##### Data under study

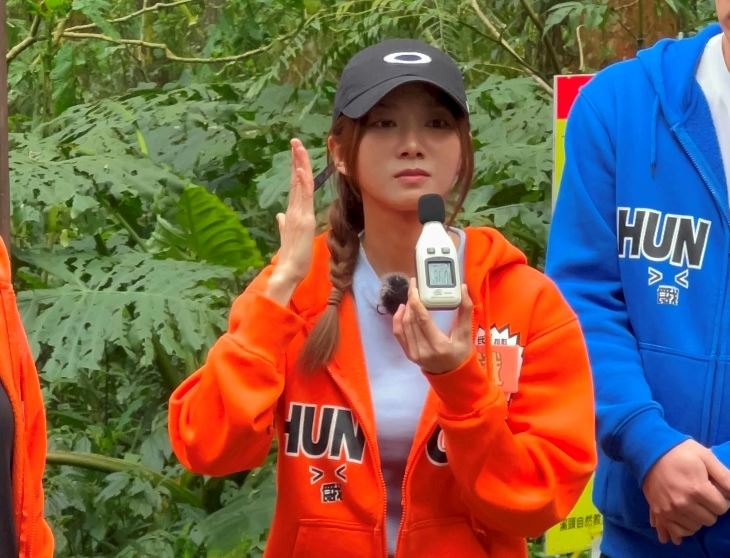 豆花妹出事了！外景錄到一半突被甩巴掌爆哭　「關鍵導火線」曝光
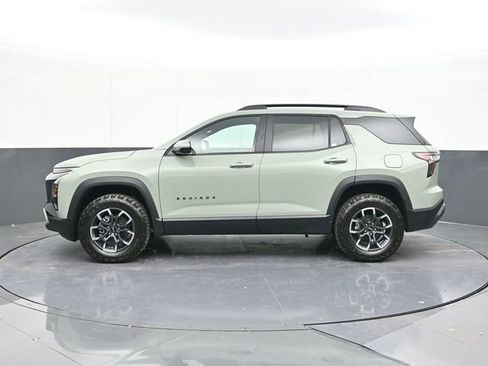 New 2026 Chevrolet Equinox ACTIV w/ Convenience Package III image 8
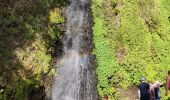 Tour Wandern Kukunjare - chutes eau St Vincent - Photo 7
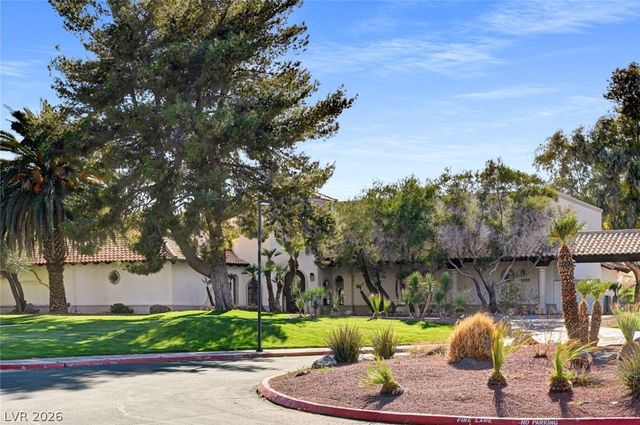 7275 Diamond Canyon Lane 103, Las Vegas, NV 89149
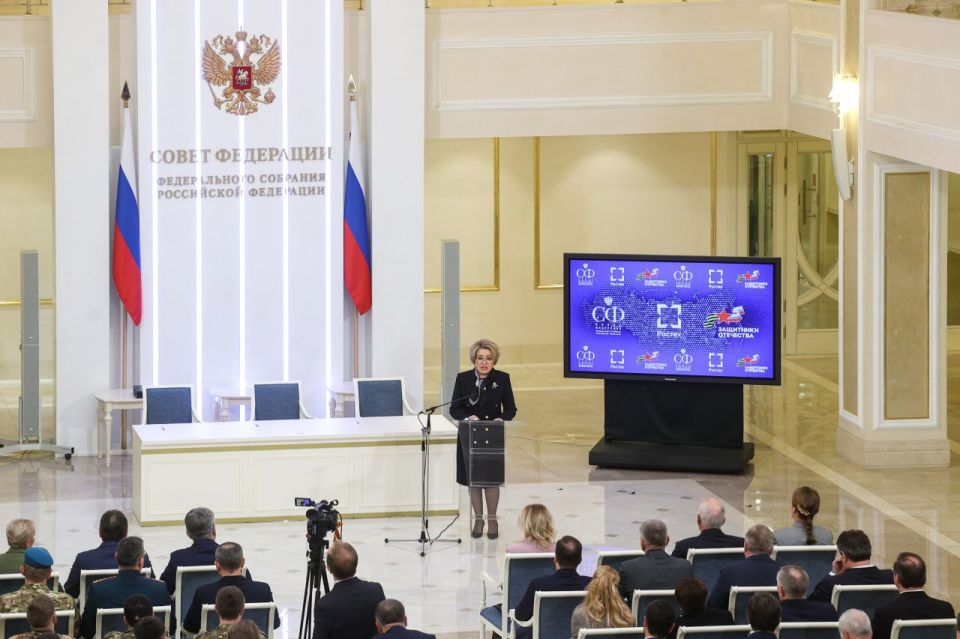 В республике появится новый реабилитационный центр для ветеранов СВО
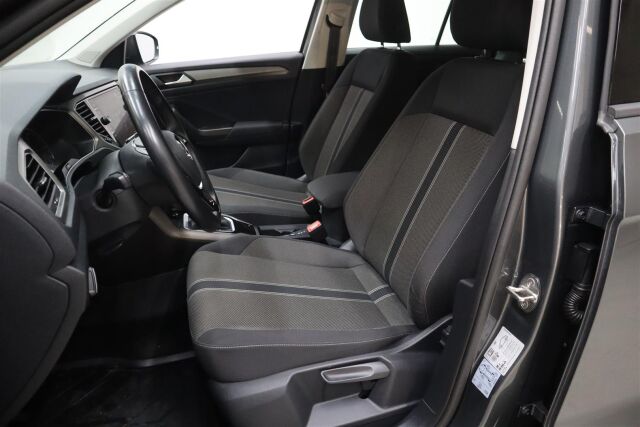 VOLKSWAGEN T-Roc 2020 Style 1,5 TSI EVO 110 kW DSG-automaatti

##########

Pictures stay out of this copy. Retype exactly the lines from the one with "Tour Wandern Kukunjare" through the last line of the data, both ends included, and nothing more.

- **Answer**:
 Tour Wandern Kukunjare - chutes eau St Vincent - Photo 7
 7275 Diamond Canyon Lane 103, Las Vegas, NV 89149
 В республике появится новый реабилитационный центр для ветеранов СВО
 VOLKSWAGEN T-Roc 2020 Style 1,5 TSI EVO 110 kW DSG-automaatti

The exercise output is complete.